Another constraint for the budget-makers is that like
2010-11, the foreign receipts from IMF and Kerry-Lugar assistance programme may
fall much short of expectation. This may result once again on a heavy reliance
on domestic borrowing like the last fiscal year and we may end up with a higher
deficit financing target than envisaged in the budget. Even this year’s deficit
which the government claimed has been brought down from 6.3 percent to 5.1
percent, accounting experts say is understated. Their view is that energy
sector circular debt, for which government has given sovereign guarantees, has been
parked outside the budget in a separate entity. If that is included the deficit
would be higher, a leading financial expert explained.

So how do we meet the deficit? We borrow from the people
through the banks and central bank; we borrow from the multilateral agencies
and other countries. There is lot of rhetoric about breaking the proverbial
‘begging bowl.’ In the first place borrowing is not begging. No country or
business grows without borrowing. The prudential borrowing is for generating output
more than the borrowed input. It becomes dangerous when a country or a person
start borrowing for the current expenditure.

Let us put emotionalism aside. The 2011-12 budget shows that
after providing for the Rs1,203 billion provincial share, the federal
government revenue and capital receipts would be Rs1,925 billion only. This
does not include the external receipts which are borrowings, Rs303 billion domestic
bank borrowing and Rs125 billion envisaged provincial surplus. As against this
Rs1,925 billion real resources it has current expenditure of Rs2,315 billion
leaving a yawning deficit of Rs390 billion. We have not yet talked about the
development expenditure. Add to this an ambitious Rs452 billion development
budget and the total deficit comes to Rs842 billion.

Usual criticism is that the government should cut its
expenditure to live within its means, which in this case is Rs1,925 billion. Of
this amount 53.7 percent goes to repayment of loans and interest; 25.7 percent
to the mighty defence, 2.3 percent to pensions and grants, 8.6 percent to
subsidies and 10.5 percent to running the government. So where is the fat that
can be cut for breaking the ‘begging bowl’? Obviously we cannot cut on the debt
repayment.
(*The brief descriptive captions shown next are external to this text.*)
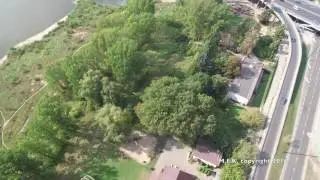 Saska Kępa dron Warszawa 4K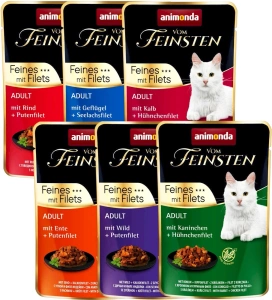 ANIMONDA Cat Vom Feinsten Adult Mix příchutí 18x85g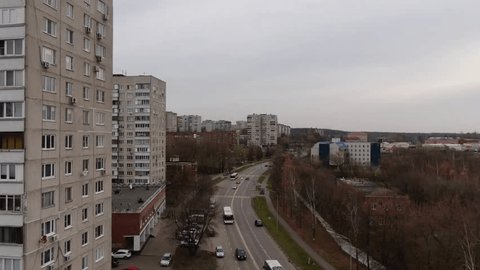 Drone Ascending Vertically above Residential Street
The other two major areas left are running the government and
defence. We are told that the country is in a state of war so we cannot cut on
defence expenditure, which is nonsense. The war we are fighting does not need
buying expensive F-16s, increase in nuclear stockpile and missiles if we decide
that we are not going to fight with India. Expenditure on civil government and
subsidies should also be slashed. But even after doing all this we would need
to borrow for development expenditure which of course is attached with strings
as all lenders want to ensure the payback capacity of the borrowers.